• WHAT IS BEING ASKED:
From start to finish, set down the entries below exactly, leaving out the pictures.

• DATASET EXTRACT:
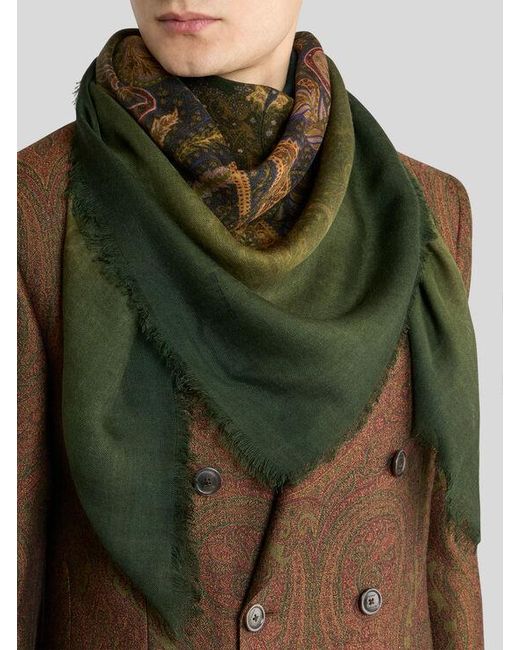 Etro Green Wool And Silk Scarf With Faded Floral Paisley Motif for men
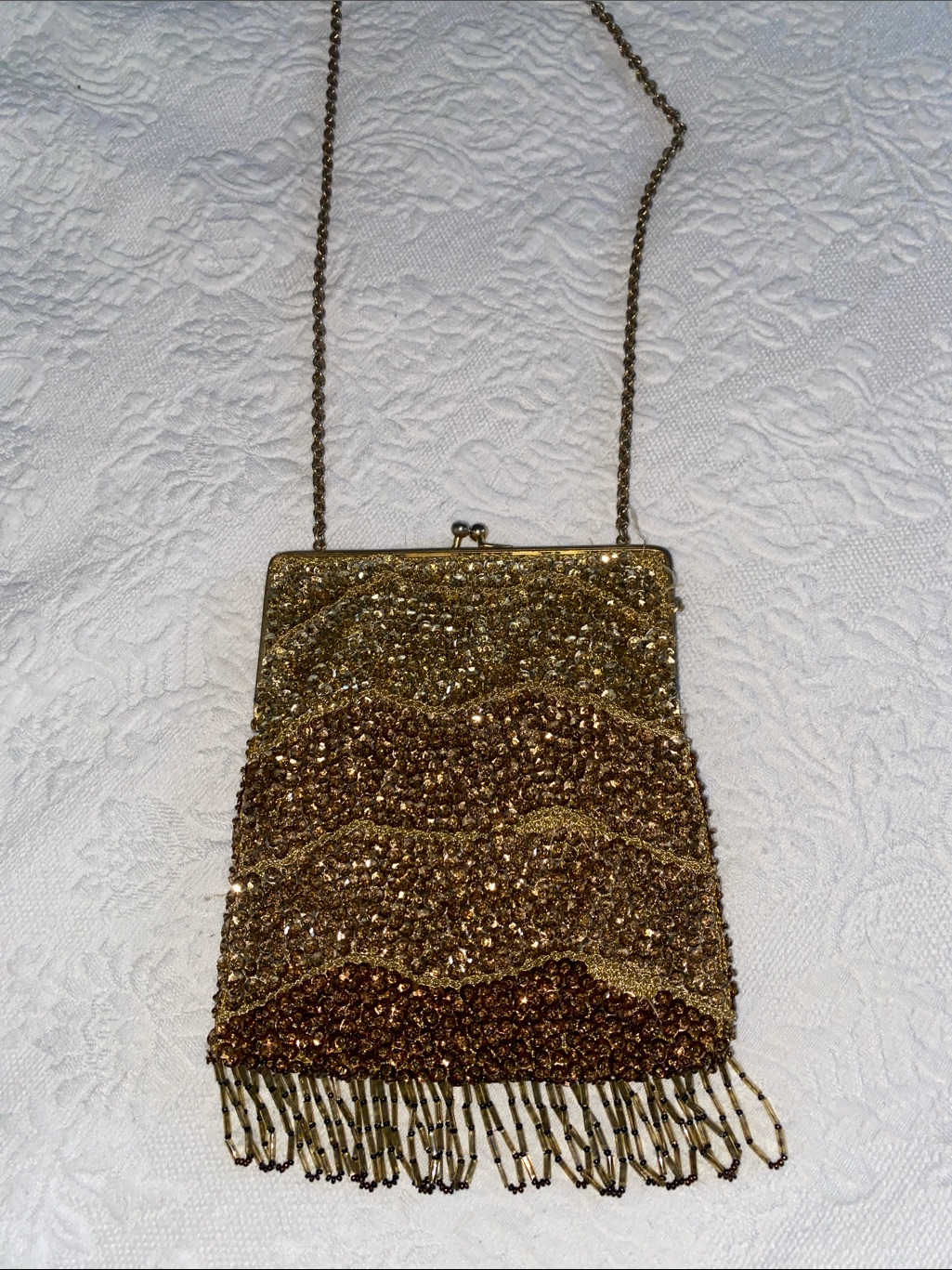 Vintage Rosenfeld Gold Beaded Evening Bag Purse
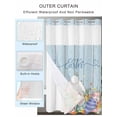 thumbnail image 4 of No Hook Shower Curtain with Snap-in Liner, Spring Easter Waterproof Fabric Bathroom Curtains, Rabbit Ears Foot Colorful Eggs Wooden Plank Bath Curtains & Mesh Top Window Standard 72"x72", 4 of 9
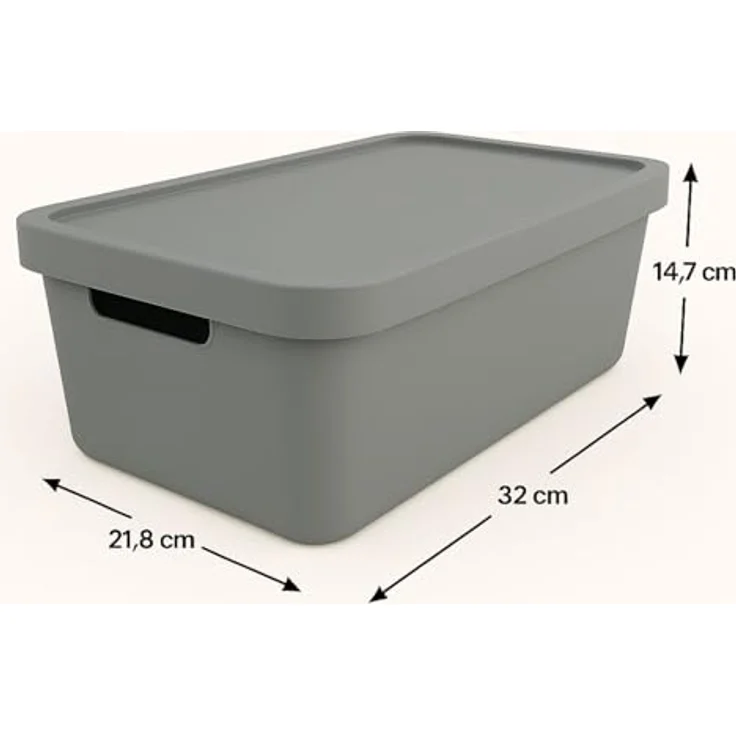 Plastard Aufbewahrungsboxen mit Deckel 7,5 L, 4er-Set, grau, BPA-frei, stapelbar, robuste Kunststoffbox für Küche, Bad, Büro und Kinderzimmer – Bild 2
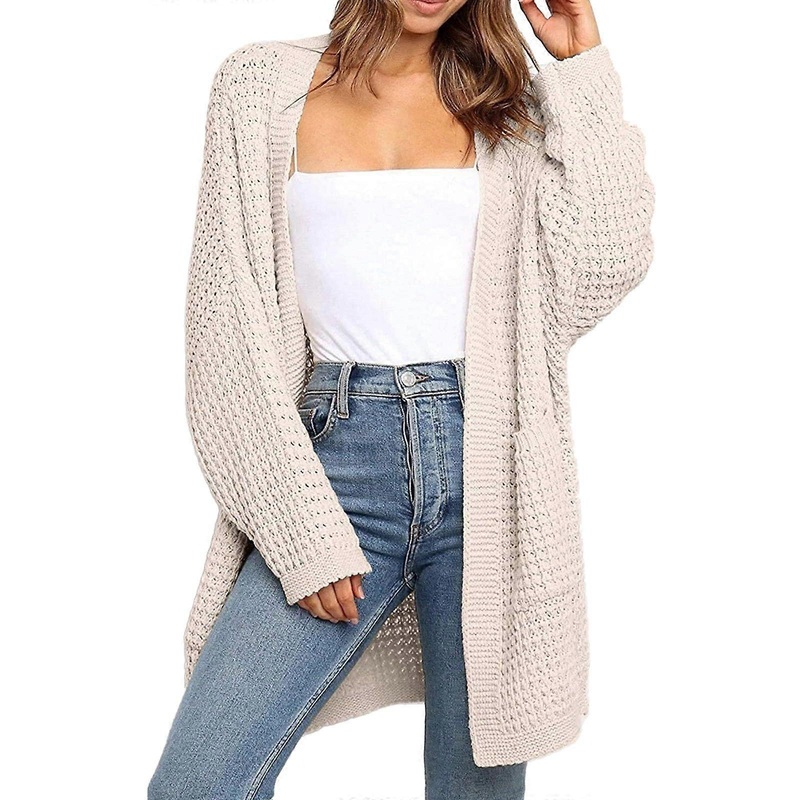 Women’s Warm Long Cardigan Loose Elegant Knitted Jacket with Pocket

• WRITTEN REPLY:
 Etro Green Wool And Silk Scarf With Faded Floral Paisley Motif for men
 Vintage Rosenfeld Gold Beaded Evening Bag Purse
 thumbnail image 4 of No Hook Shower Curtain with Snap-in Liner, Spring Easter Waterproof Fabric Bathroom Curtains, Rabbit Ears Foot Colorful Eggs Wooden Plank Bath Curtains & Mesh Top Window Standard 72"x72", 4 of 9
 Plastard Aufbewahrungsboxen mit Deckel 7,5 L, 4er-Set, grau, BPA-frei, stapelbar, robuste Kunststoffbox für Küche, Bad, Büro und Kinderzimmer – Bild 2
 Women’s Warm Long Cardigan Loose Elegant Knitted Jacket with Pocket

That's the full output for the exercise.